Differences of sex development (DSD) are congenital conditions with discordance between chromosomal, gonadal and/or anatomic sex. DSD can be syndromic or non-syndromic based on the presence or absence of somatic anomalies, respectively. Variants in several genes have been identified in association with errors of testis determination and male genital differentiation. However, despite technological advances, a genetic diagnosis is not achieved in nearly 50% of individuals presenting with 46,XY DSD. NR2F2 (nuclear receptor subfamily 2 group F member 2) encodes an orphan nuclear receptor, COUP-TFII (chicken ovalbumin upstream promoter transcription factor II). Variants in NR2F2 have been reported in XX individuals with the development of testicular tissue and abnormalities in the heart, the diaphragm and the eyelid.¹ This study describes a 2-year-old 46,XY boy presenting with micropenis, middle hypospadias and inguinal testes without associated somatic anomalies. Hormonal profile shows age-appropriate levels of luteinizing hormone (0.4 IU/L, normal <1.5), follicle-stimulating hormone (1.2 IU/L, normal <5), hCG-stimulated testosterone (705 ng/dL, normal 660 ± 410) and anti-Müllerian hormone (41 ng/mL, normal 13-167). Abdominopelvic ultrasonography was unremarkable with no Müllerian structures. Whole exome sequencing revealed a novel de novo heterozygous missense variant in NR2F2, NM_021005.4:c.737G>A resulting in p.Arg246His. The variant is absent in ancestry-matched populations and the gnomAD database (http://gnomad.broadinstitute.org/). It is located within a highly conserved region of the ligand-binding domain (LBD) and is predicted to be potentially damaging. The mutation, however, does not impact the nuclear localization or the stability of the protein.
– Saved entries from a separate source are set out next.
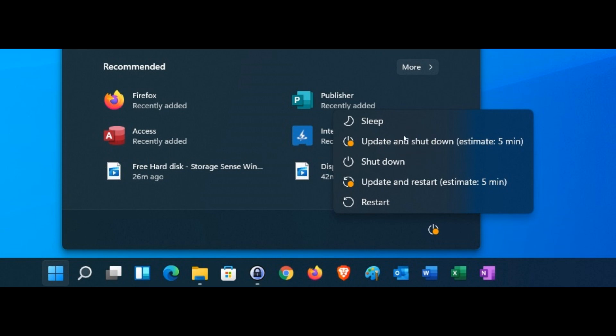But when you click on update and shut down, what it does is it shuts down your PC and then basically returns to the login screen. And then you are required if you want to shut down your PC after that, you have to click on the power button to shut down your PC from the login screen.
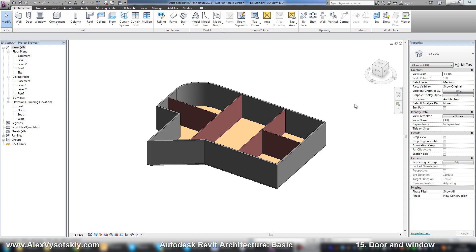Now let's place some doors and windows. To place a door or window, there are two buttons on the architecture tab. It's much easier to place them in the plan view.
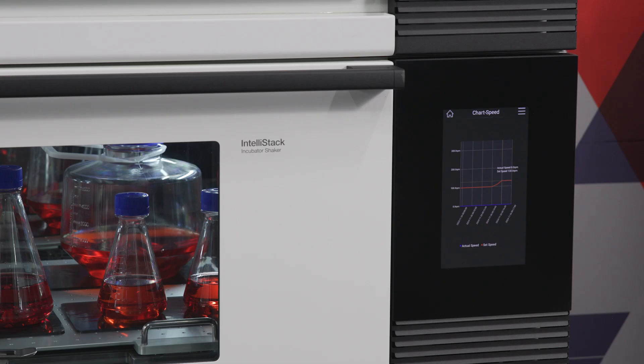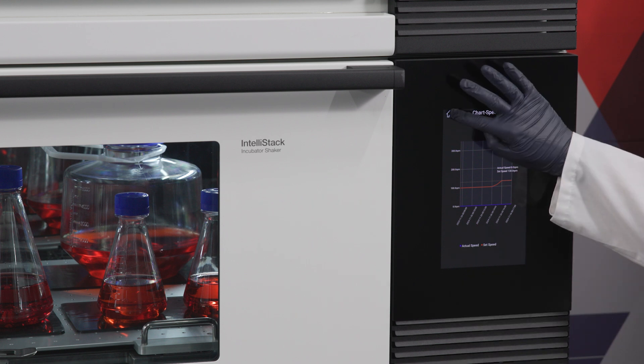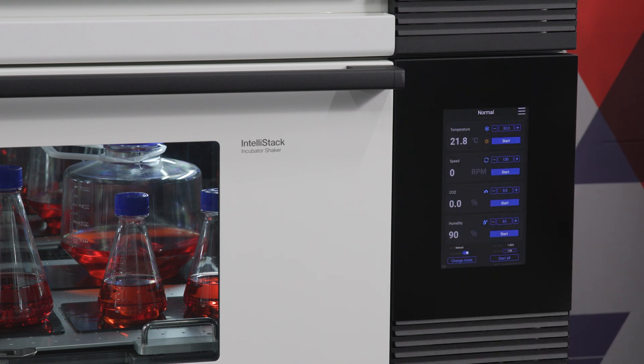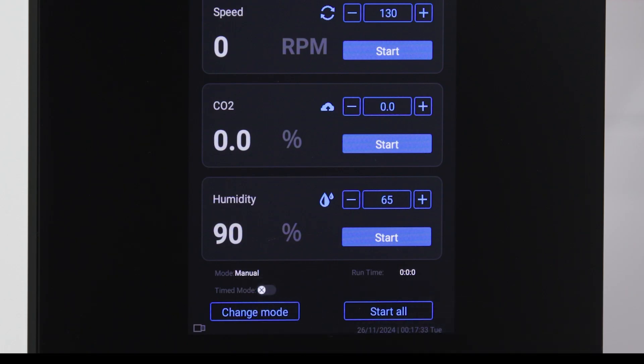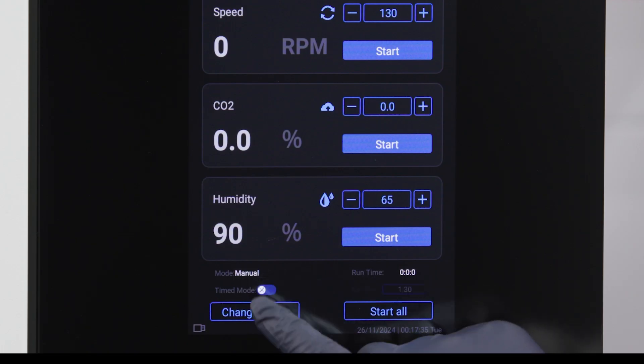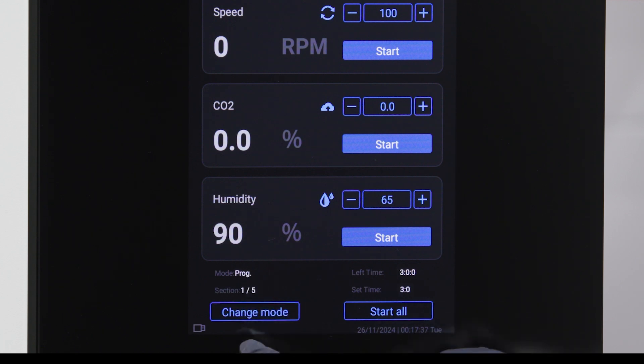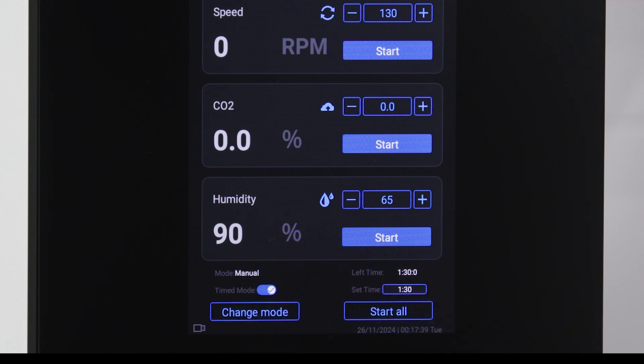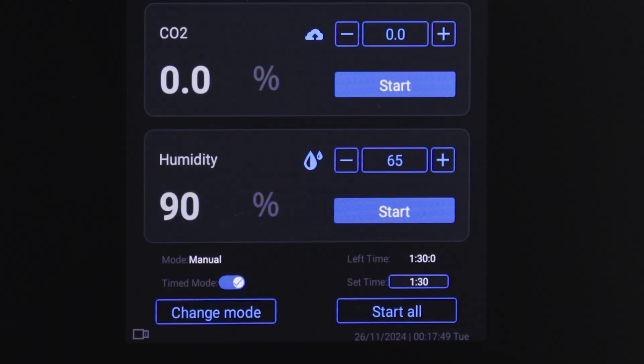The touch program enables you to operate the shaker in manual or program modes. Switch between modes using the change mode button in the bottom left of the main interface. In manual mode, you can operate the shaker in continuous or timed mode.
It has been shown that mutating specific residues in LBD can substantially reduce the COUP-TFII transcriptional activity.² Consistent with this, we observe that NR2F2^Arg246His showed a significant loss of inhibitory effect on the NR5A1-mediated activation of LH-β and INSL3 promoters, while maintaining the binding between the two proteins. Taken together, our results support the pathogenicity of the p.Arg246His variant in 46,XY DSD and expand the small but growing list of genes that are associated with both 46,XX and 46,XY DSD.

References: 1. Bashamboo A, et al. Am J Hum Genet. 2018;102:487-493. 2. Kruse SW, et al. Plos Bio. 2008;6:e227.